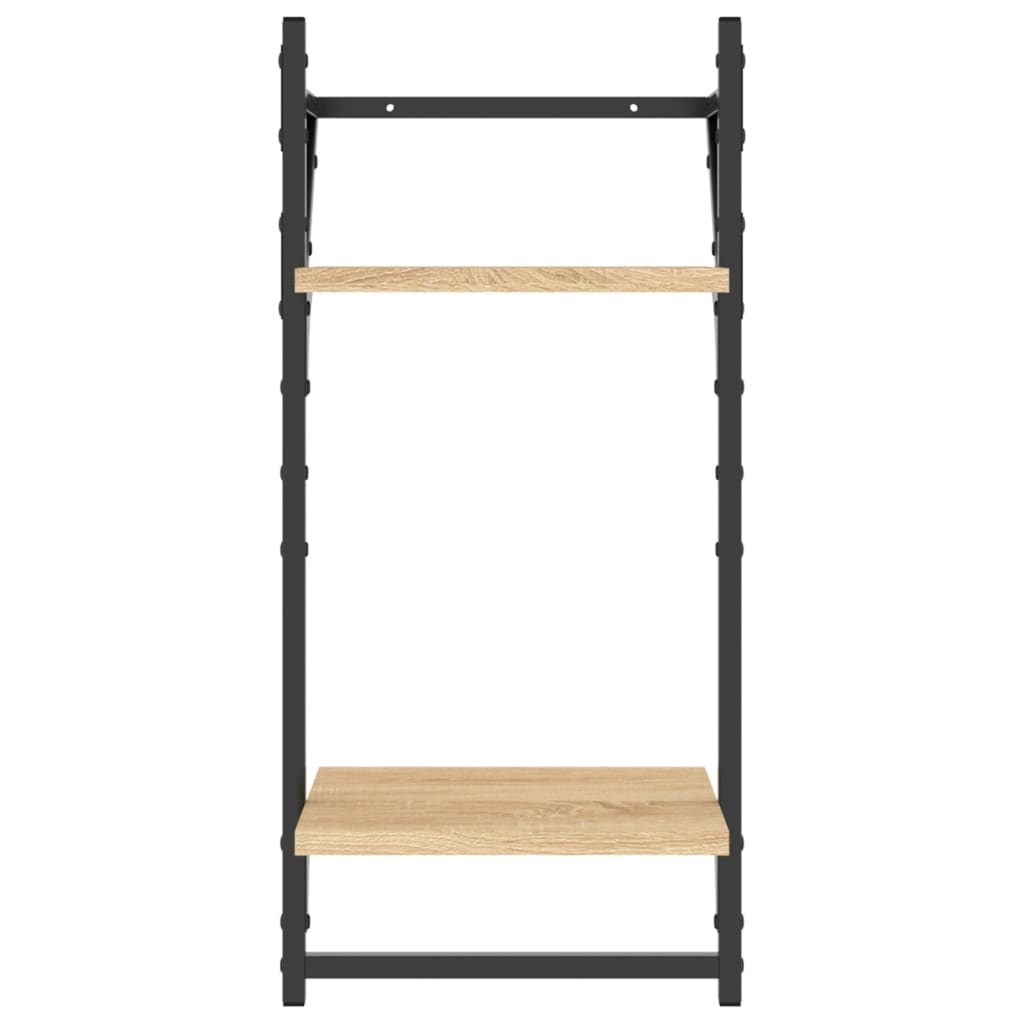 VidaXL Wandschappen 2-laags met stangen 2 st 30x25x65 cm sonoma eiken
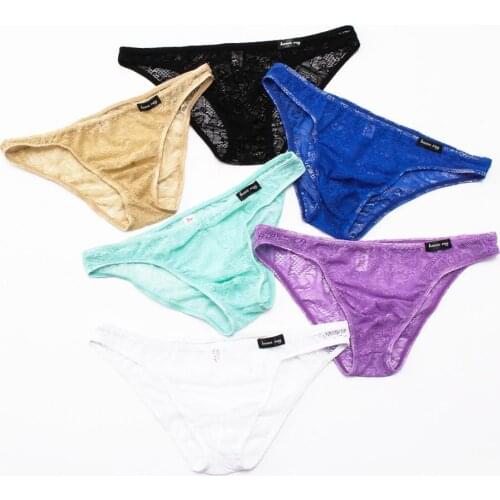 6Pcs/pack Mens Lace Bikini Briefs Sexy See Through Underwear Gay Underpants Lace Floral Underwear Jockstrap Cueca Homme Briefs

-------

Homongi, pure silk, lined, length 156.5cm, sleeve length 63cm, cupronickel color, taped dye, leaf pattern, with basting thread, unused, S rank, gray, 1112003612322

-------

An exact copy of the lines above from the one with "VidaXL Wandschappen 2-laags" up to and including the one with "6Pcs/pack Mens Lace" is required; reproduce only those lines, omitting all pictures.

 VidaXL Wandschappen 2-laags met stangen 2 st 30x25x65 cm sonoma eiken
 6Pcs/pack Mens Lace Bikini Briefs Sexy See Through Underwear Gay Underpants Lace Floral Underwear Jockstrap Cueca Homme Briefs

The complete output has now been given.